Limitations and strengths. Limitations of this study include possible exposure misclassification due to the use of central monitoring data. Several mechanisms of exposure misclassification have to be considered. First, the central site measurement does not reflect the absolute level of personal exposure, which probably differs from the central measurements because of characteristics of the individuals’ homes (e.g., proximity to traffic) and differences in personal behavior (e.g., heating and ventilation habits, leisure time and occupational activities). Therefore, we used a random participant intercept in the analysis to account for differences of the absolute level of exposure of each subject. Second, the study relied upon temporal variation in exposure before each of the five clinic visits, which were scheduled 2 weeks apart. This temporal variation in exposure from week to week is mainly influenced by meteorology on a regional scale. We therefore excluded subjects residing outside a 25-km circle around the monitoring site to ensure homogeneous meteorological conditions within our study area. Finally, differential exposure misclassification may have resulted if participants spent more time indoors on very hot days when ambient ozone concentrations are high, thus reducing their personal exposure relative to ambient levels. Interestingly, the estimated effect of ozone was not modified by season, as would be expected with increasing exposure misclassification on hot summer days.

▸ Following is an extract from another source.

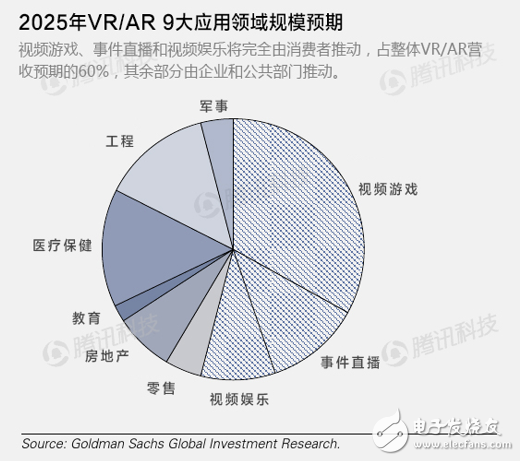 谷歌的VR破局之路：既要做布道者，也要做統治者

Other limitations include the comparatively small sample size. The high negative correlation between temperature and PNC limited our power to examine the concurrent effect of both of these environmental exposures.

Strengths of this study include its repeated measures study design, which enables control of potentially confounding personal characteristics in a real-life setting. In contrast to controlled exposure studies, this study estimates the actual effect of ambient air pollutants in a subgroup of the population. We minimized non-air-pollution sources of variance by strict inclusion and exclusion criteria. Further analyses, making use of the comprehensive assessment of exposures and intermediary factors that was conducted in this study, will allow investigations of the mechanisms and biological pathways of PM effects.

Conclusions

We report evidence that PM air pollution raised arterial BP, whereas ozone decreased BP, including central mean arterial pressure, in persons with T2DM. These estimated effects appeared to be independent of each other and were of a magnitude that could result in clinically significant hemodynamic consequences for this vulnerable population. Optimal BP and glucose control may reduce adverse effects of traffic pollution on increases in BP, but diabetes patients with baseline BP that is optimally controlled or relatively low by American Diabetes Association standards may be at highest risk for further lowering of BP by ozone or high temperature.